UCMSCs reduced serum lipid levels
The blood lipid levels of the three groups of mice were detected, which showed that the levels of TG, TC, and LDL-C in the UCMSC treatment group were significantly lower than those in the model control group (p <0.05, n = 15), while the HDL-C level in the UCMSC treatment group was higher than that in the model control group (p <0.05, n = 15) (Fig. 1F).
Changes in the levels of autophagy-related genes
Studies have shown that the molecular mechanism of AS is related to autophagy. In this study, we speculated that UCMSCs would regulate the metabolism of AS in mice by regulating the level of autophagy and ultimately treat AS. To test this hypothesis, we determined the transcription levels of autophagy-related genes in the heart and liver and found that autophagy-related molecules were significantly upregulated in the treatment group compared with the other two groups and that the overall autophagy level was increased upon treatment (Fig. 2).
To clarify how UCMSCs regulate lipid metabolism, the plasma and liver metabolites of the three groups were studied by metabolomics.

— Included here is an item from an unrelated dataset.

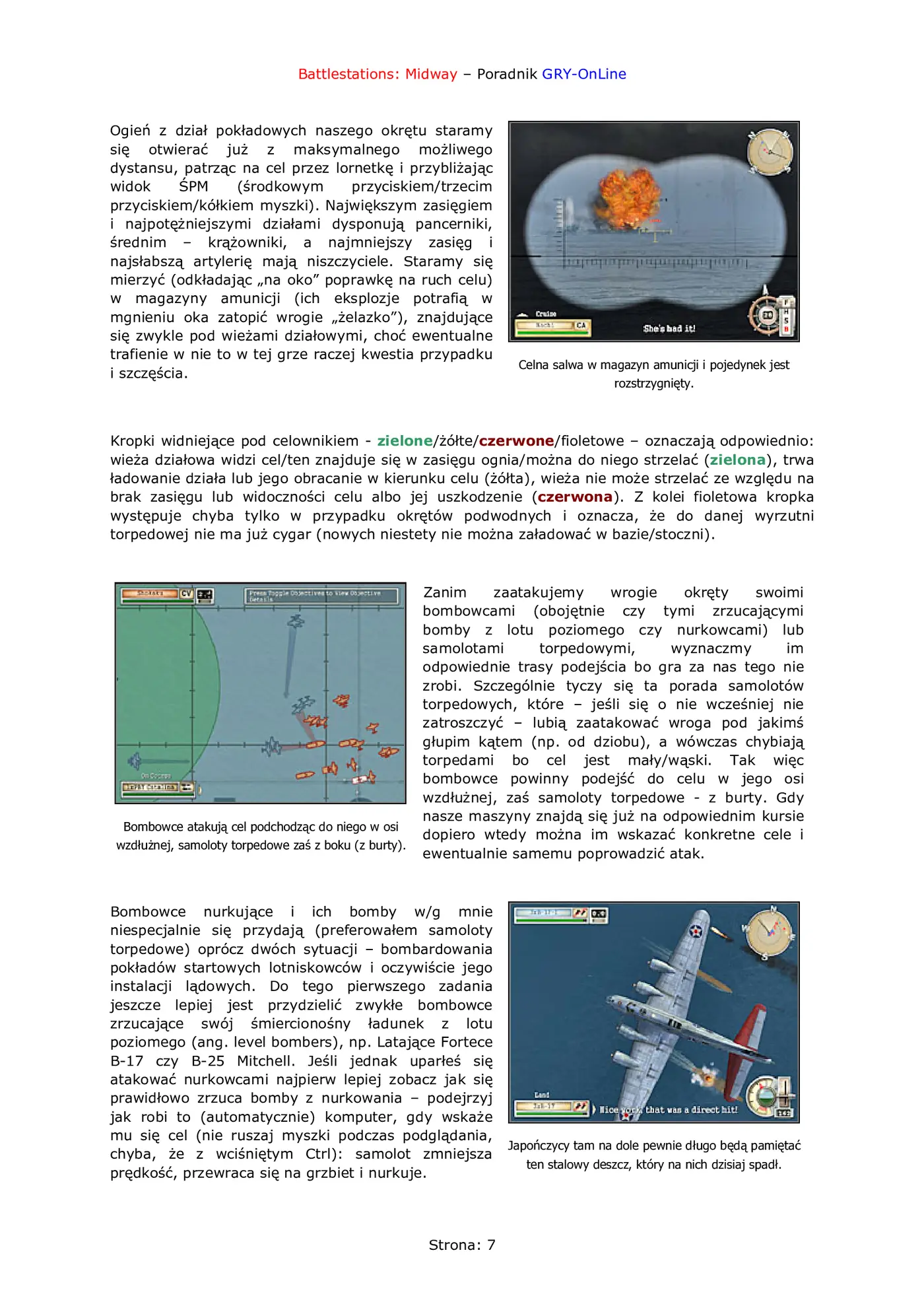 Fragment „Battlestations: Midway - poradnik do gry” — strona 8 z 8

The metabolic products were sorted in descending order according to the difference multiple, and then products whose secondary matching score was close to 1 were selected (Fig. 3). Hierarchical clustering analysis classified metabolites with similar or complementary characteristics into one group (Fig. 4) and finally screened out the metabolites with statistically significant differences, such as phosphatidylinositol (PI) and ceramide (Cer). In detail, the plasma PI and Cer levels of the treatment group were lower than those of the model control group, while the plasma PI and Cer levels of the model control group were higher than those of the normal control group (Fig. 5); the liver PI levels of the treatment group and normal control group were lower than those of the model control group (Fig, 5).
KEGG analysis was used to analyse the metabolic pathways enriched in the differential metabolites in mice to identify the pathways in which all differential metabolites participate. Through enrichment and topology analyses of the pathways that include the differential metabolites, enrichment analysis obtained the p value (Raw p), and the influence factor (Impact) was obtained from the topology analysis. The pathways were further screened according to p value, and influencing factors were ranked in ascending and descending order, which showed that the key pathways most highly correlated with the differentially abundant metabolites were glycerophospholipid metabolism and linoleic acid metabolism (Fig. 6).